1987 railway incident in the Soviet Union

The Kamensk-Shakhtinsky rail disaster occurred on August 7, 1987, at 01:30 in Kamenskaya station in the town of Kamensk-Shakhtinsky on the North Caucasus Railway in the Soviet Union when a freight train ran into the rear of a passenger train standing in the station, killing 106.

A freight train from Bataisk (a port on the Don River) consisting of 55 wagons loaded with Kuban grain, hauled by a pair of VL80-C three section electric locomotives and weighing 5500 tons arrived at Likhaya station where a leakage of air between the 6th and 7th wagons was noticed.

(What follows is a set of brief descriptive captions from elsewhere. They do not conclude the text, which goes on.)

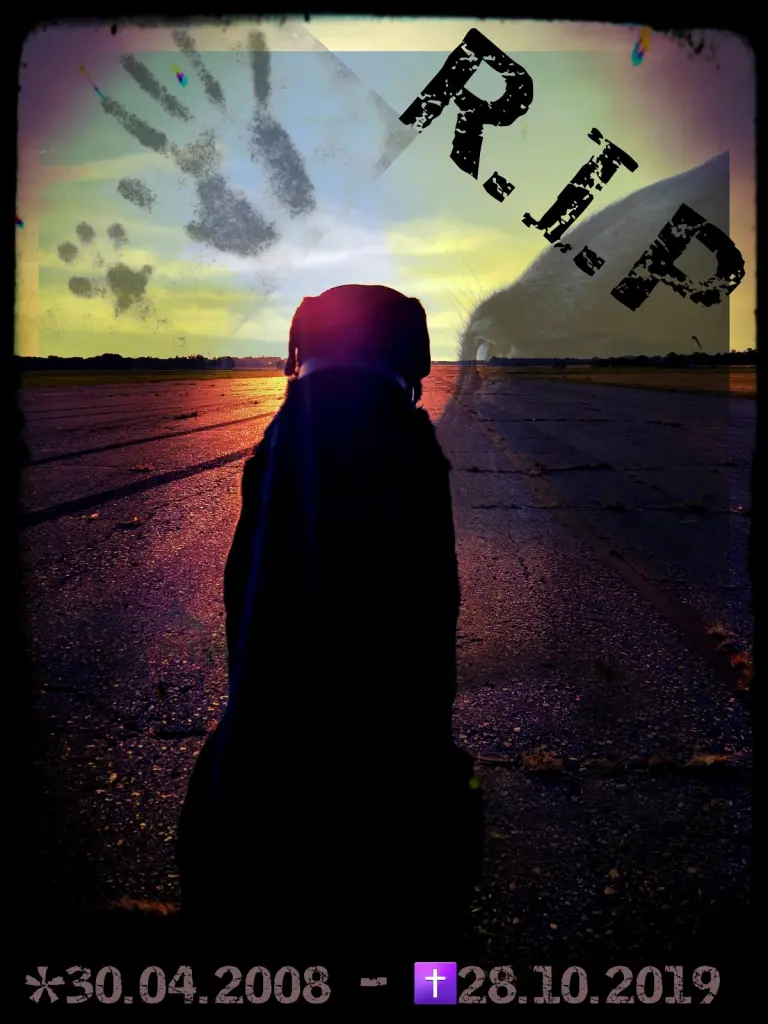 Image from Junior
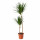 ⭐DRACAENA MARGINATA⭐Растение в горшке, Дерево дракона/2-коренной зуб, 19 cm⭐ИКЕА-40408455 ⭐DRACAENA MARGINATA⭐Растение в горшке, Дерево дракона/2-коренной зуб, 19 cm⭐ИКЕА-40408455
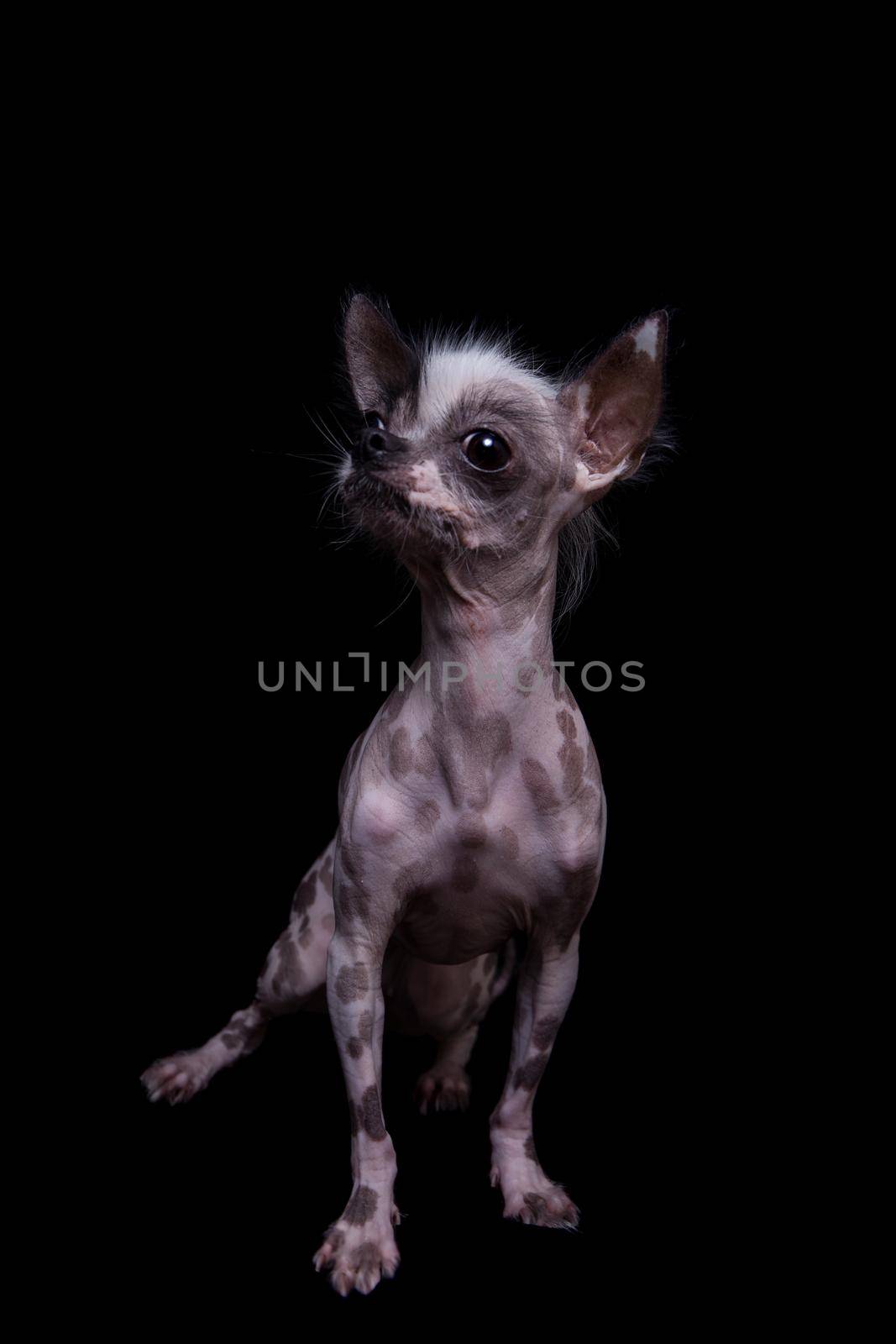 Peruvian hairless and chihuahua mix dog on black by RosaJay
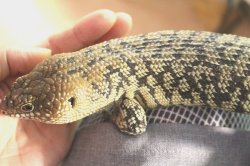 画像2: クレフトカニンガムイワトカゲ★ト♂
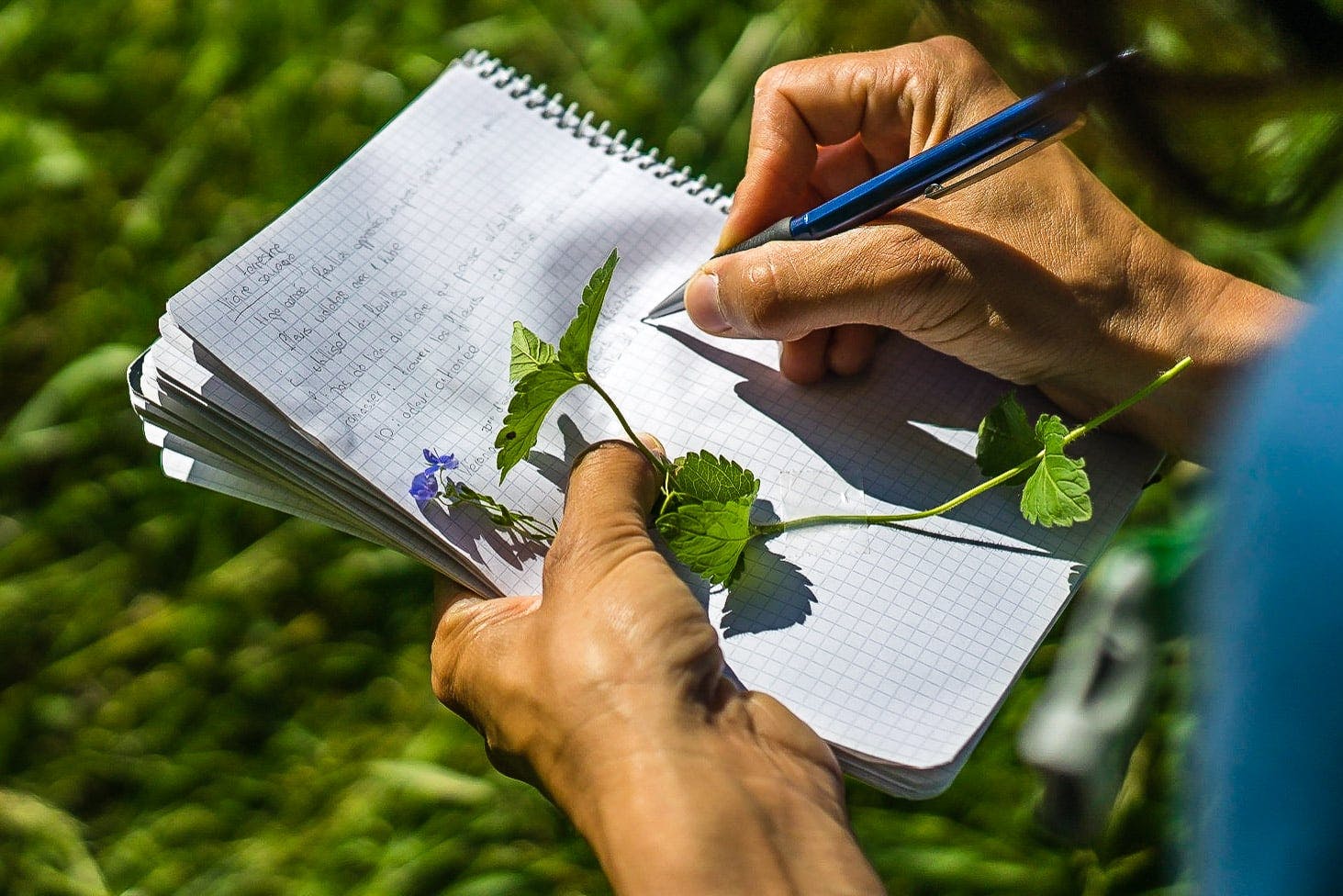 Voyage à la découverte des plantes sauvages comestibles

The train crew closed the brake line after the 6th wagon, thereby isolating the brakes of the rearmost 49 wagons, meaning that they were not being replenished with air from the locomotives. The locomotive crews were then changed without the new crew being informed of the leak and brake isolation. Complying with the regulations the new crew performed a brake test, the driver noticed the brake had to be applied harder than usual but the driver incorrectly assumed all was in order, and at 00:55 the heavy train began the long descent to Kamensk-Shakhtinsky. As the train accelerated the driver applied the service brake to keep the speed of the train down to 65 km/h but the train continued to accelerate; the emergency braking proved ineffectual. A warning was sent by radio to Kamenskaya station where a number of trains were standing (many carrying dangerous chemicals).

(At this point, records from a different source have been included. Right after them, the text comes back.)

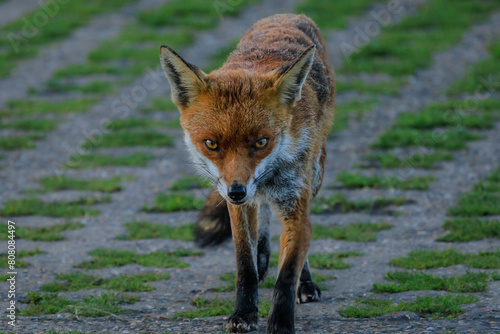fox red fox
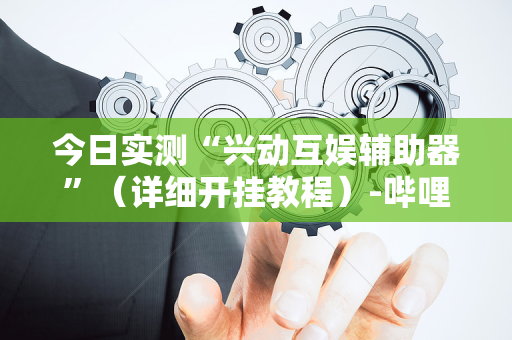 今日实测“兴动互娱辅助器”（详细开挂教程）-哔哩哔哩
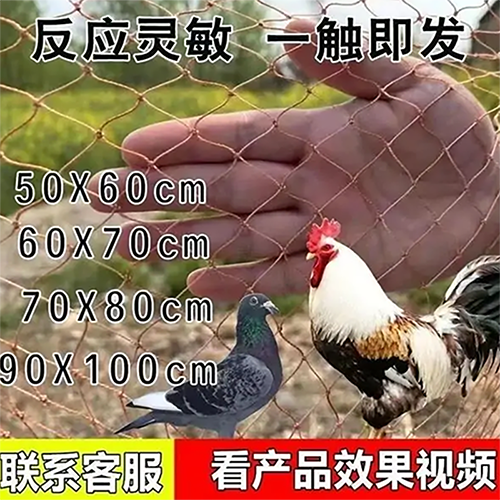 自动抓鸽子神器
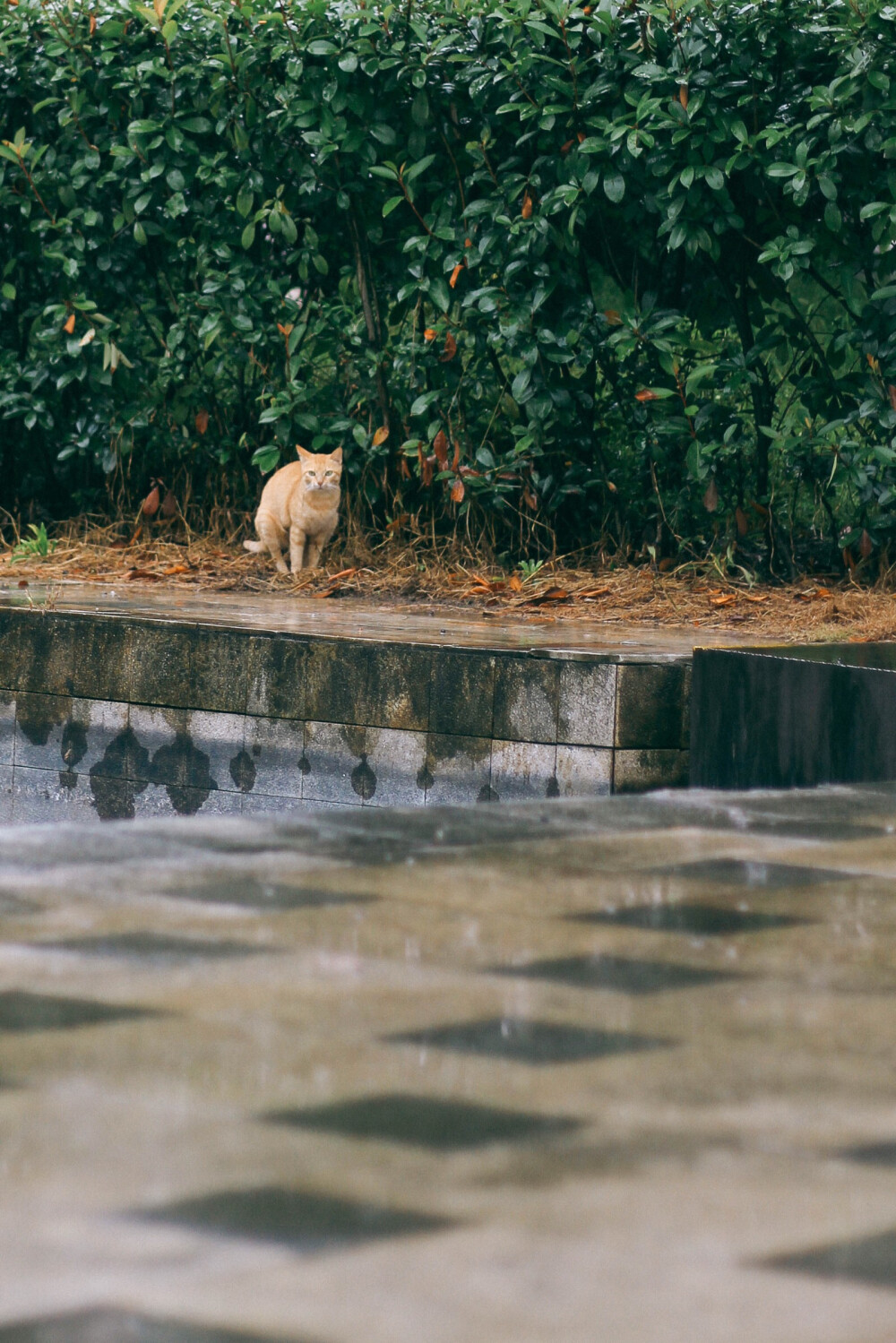 下雨天，拿快递途中发现一只胆小的小猫咪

Ahead of the runaway freight train the 10 carriage Rostov-on-Don — Moscow passenger train was due to stop at Kamenskaya station. The officer on duty at the station attempted to radio the driver to tell him not to stop but was unable to make contact and at 01:28 as it stopped at the station the driver was immediately ordered to continue. Unfortunately the conductor of the train aware that passengers had not yet alighted, pulled the emergency brake (as demanded by his job description).

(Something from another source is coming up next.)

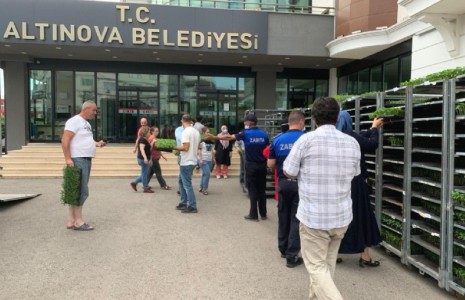 167 bin yerli tohum fidesi dağıtıldı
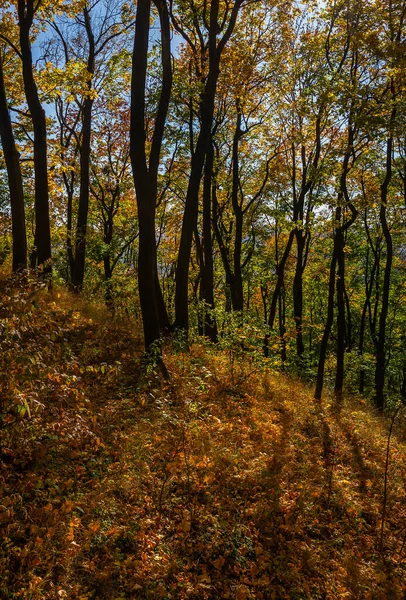 Floresta Outono Com Árvores Amarelas Tempo Ensolarado — Fotografia de Stock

At 01:30 the freight train entered the station travelling at 140 km/h and collided with the rear of the passenger train, destroying three carriages and killing 106 people and injuring 114 (including the locomotive crew of the freight train, and Soviet actress Tatiana Livanova with her daughter). During the repair works, an electrician touched a live contact wire and died, becoming the 107th victim of the disaster.

The two mechanics who last checked the brakes on the freight train were each sentenced to 12 years in prison.